Katrina Barillova (who formerly worked in the security surveillance industry) is
the 27-year-old Czechoslovakia-born chief operating officer of Charmed. "People
are afraid to look like cyborgs," she has said. "Our goal is to make technology
fashionable and to incorporate these items into everyday lifestyles."

While Charmed, along with Levi's, IBM and other companies, is racing toward
making aesthetic improvements of today's wearable computing, the social impact
of the technology's far-future applications remain largely unresolved. And the
annoying symphony of cell-phone rings is just the first cue encouraging us to
consider how wearable technology can become as banal as it is empowering.

Extrapolate a scenario from this example: the impressively inexpensive yet
conceptually advanced key-ring computer, the Japanese Lovegety. Users enter into
the Tamagotchi-like device whether they're in the mood for "love," "chat,"
"drink" or "movie" and the Lovegety beeps whenever they're within 30 feet of
another Lovegety-carrying individual with whom they're "compatible."

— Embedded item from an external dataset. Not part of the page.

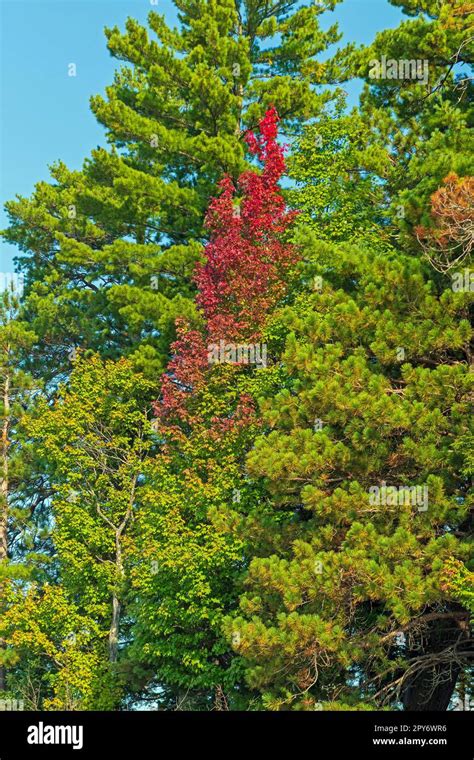 Fall Colors Starting to Emerge in the North Woods Stock Photo - Alamy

Now expand the Lovegety's preference possibilities (foreign films, loves kids,
etc.) along with its range, so it can cover entire neighborhoods or even towns.
"At its worst, it turns every city into a giant singles bar," Donath says.

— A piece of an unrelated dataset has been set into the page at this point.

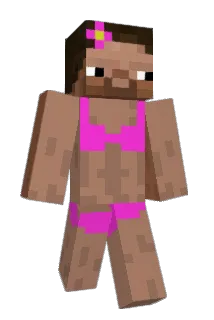 Topic55 Minecraft avatar full body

A next-generation Lovegety could bring the "Buddy Lists" of virtual chatrooms
into the physical realm, providing a pleasant surprise by alerting you that your
best friend happens to be in the next café over, or tracking your child
if she's lost. The key for designers is to incorporate a host of custom-control
features into the product, enabling you to block what information you'd like to
broadcast and to pick and choose who receives it. "Wearable computers are not
handcuffs," Pratt says. "No one forces you to wear them."

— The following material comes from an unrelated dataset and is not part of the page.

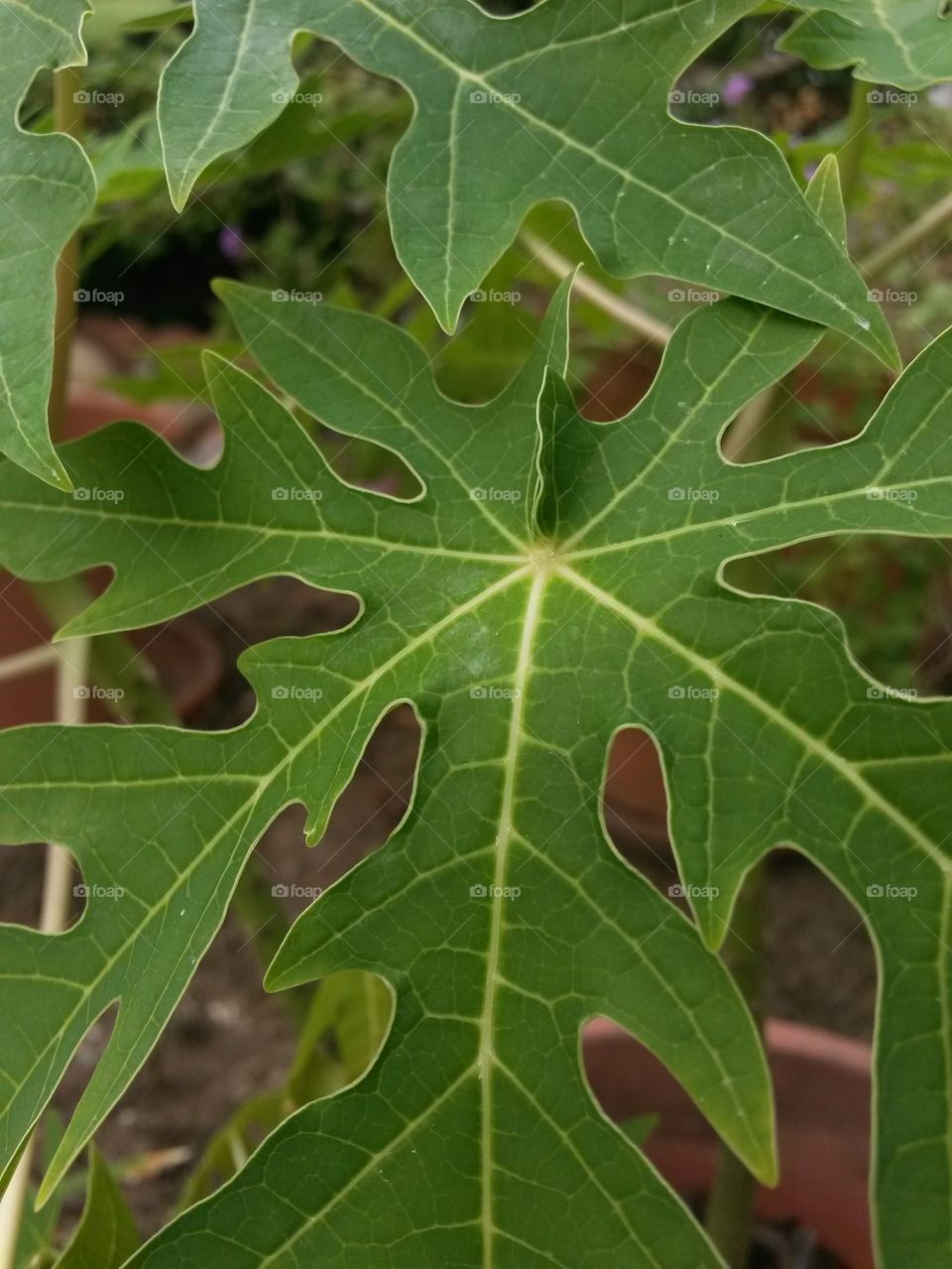 Papaya Leaves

True, but even if you're not wearing one they still can make you feel like a
prisoner of the datasphere. Take the research of Ph.D. candidate Bradley Rhodes
at the MIT Media Lab. Rhodes has designed a system he calls a Remembrance Agent,
a program that continuously "watches over the shoulder" of the wearer of a
wearable computer and displays one-line summaries of notes, files, old e-mail,
papers and other text information that might be helpful to the user at any given
moment.

The benefits of having a Remembrance Agent in your peripheral vision are
enormous. Picture wandering around a museum and having background on each
artifact you see automatically pop into view. Or the notes from a talk someone
gave that you saw several years ago displayed in your peripheral vision the
instant you shake that person's hand in real life. Now imagine meeting a person
wearing a Remembrance Agent system at a dinner party. As soon as your name is
entered into his wearable computer, either transmitted by the likes of a Charmed
Badge, or entered manually, a full Web search of you begins. The problem
(actually, not a problem), is that a person is much more than their home page,
resume or list of favorite films.

"The physical world around us has lots of information in it that we are
subconsciously picking up," Donath says. "When we add a whole new data-stream,
we really need to think about how we control it, especially when you could be
paying attention to it later. Otherwise, you may lose a lot of subtle,
hard-to-articulate information if you're looking at a person's Web site instead
of into their eyes."

Turning off the Remembrance Agent may be akin to dispensing with a built-in
bullshit detector. But you can always do your Web search after the party ends,
instead of missing out on the very things that make us yearn for real-world
interaction to begin with.

"I'm curious to what extent people are going to adapt to these new devices as
opposed to the devices' adapting to our existing mores." Donath adds.

And, lest we forget, there's always the "off" switch.